- [EXERCISE DETAILS]:
The required response is the number of lines in the entries that include the word "City", with nothing added.

(Crawled caption data)

▬▬▬▬▬▬

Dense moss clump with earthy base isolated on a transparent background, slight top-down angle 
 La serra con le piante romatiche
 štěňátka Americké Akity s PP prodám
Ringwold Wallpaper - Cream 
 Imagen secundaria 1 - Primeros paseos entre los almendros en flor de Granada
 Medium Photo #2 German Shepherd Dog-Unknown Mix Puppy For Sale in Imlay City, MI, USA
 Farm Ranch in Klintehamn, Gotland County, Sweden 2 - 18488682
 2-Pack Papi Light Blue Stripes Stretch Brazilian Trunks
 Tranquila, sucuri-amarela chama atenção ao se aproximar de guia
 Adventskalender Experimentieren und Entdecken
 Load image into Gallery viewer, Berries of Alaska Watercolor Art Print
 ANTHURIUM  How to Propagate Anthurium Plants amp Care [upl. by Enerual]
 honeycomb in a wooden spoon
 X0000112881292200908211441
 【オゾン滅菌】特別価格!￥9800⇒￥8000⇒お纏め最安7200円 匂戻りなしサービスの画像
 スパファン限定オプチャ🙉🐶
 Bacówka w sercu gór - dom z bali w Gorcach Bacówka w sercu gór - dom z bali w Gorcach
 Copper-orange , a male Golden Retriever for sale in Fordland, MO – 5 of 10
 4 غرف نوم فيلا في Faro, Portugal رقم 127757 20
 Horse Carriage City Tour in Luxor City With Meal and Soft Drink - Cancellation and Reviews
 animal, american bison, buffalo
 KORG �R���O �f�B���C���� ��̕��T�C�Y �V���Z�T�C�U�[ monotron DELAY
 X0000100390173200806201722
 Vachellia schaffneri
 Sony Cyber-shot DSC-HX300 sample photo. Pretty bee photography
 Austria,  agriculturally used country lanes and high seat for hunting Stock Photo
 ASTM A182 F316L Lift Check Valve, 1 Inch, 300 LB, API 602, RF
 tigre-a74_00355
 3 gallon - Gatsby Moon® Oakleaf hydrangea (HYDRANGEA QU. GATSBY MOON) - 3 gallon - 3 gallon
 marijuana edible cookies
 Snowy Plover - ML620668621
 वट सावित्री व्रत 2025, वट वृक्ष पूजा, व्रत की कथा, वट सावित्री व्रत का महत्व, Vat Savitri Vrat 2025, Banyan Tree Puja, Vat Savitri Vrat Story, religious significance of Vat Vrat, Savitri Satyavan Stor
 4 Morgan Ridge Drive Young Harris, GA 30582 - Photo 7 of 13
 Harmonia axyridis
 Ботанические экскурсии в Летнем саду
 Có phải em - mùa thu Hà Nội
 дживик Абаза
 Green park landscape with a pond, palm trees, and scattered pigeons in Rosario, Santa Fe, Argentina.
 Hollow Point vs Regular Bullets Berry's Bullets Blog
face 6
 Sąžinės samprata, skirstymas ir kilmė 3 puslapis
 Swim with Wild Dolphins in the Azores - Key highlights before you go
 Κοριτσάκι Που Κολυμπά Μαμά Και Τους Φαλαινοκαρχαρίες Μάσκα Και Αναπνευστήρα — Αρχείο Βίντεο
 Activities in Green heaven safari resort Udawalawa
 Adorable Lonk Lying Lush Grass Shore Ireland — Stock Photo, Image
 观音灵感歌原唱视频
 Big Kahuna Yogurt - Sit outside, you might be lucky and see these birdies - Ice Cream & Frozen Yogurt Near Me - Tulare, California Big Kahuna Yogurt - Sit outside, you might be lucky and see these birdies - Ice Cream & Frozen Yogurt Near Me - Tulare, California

▬▬▬▬▬▬

- [SOLUTION]:
2